- _Data segment_:
──────────────────────────────

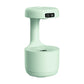 800ml Anti-Gravity Humidifier Air Cool Mist Humidifier for Bedroom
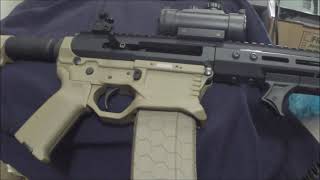 Polymer 80 Results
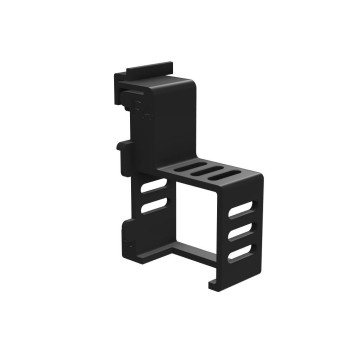 SONOFF ZBMIN/ZBMINIR2/RBS/ZBRBS/MINIR4M/MINIR4 Hutschienenhalterung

──────────────────────────────

For the data above, return an exact copy that contains no pictures.

- _Answer space_:
 800ml Anti-Gravity Humidifier Air Cool Mist Humidifier for Bedroom
 Polymer 80 Results
 SONOFF ZBMIN/ZBMINIR2/RBS/ZBRBS/MINIR4M/MINIR4 Hutschienenhalterung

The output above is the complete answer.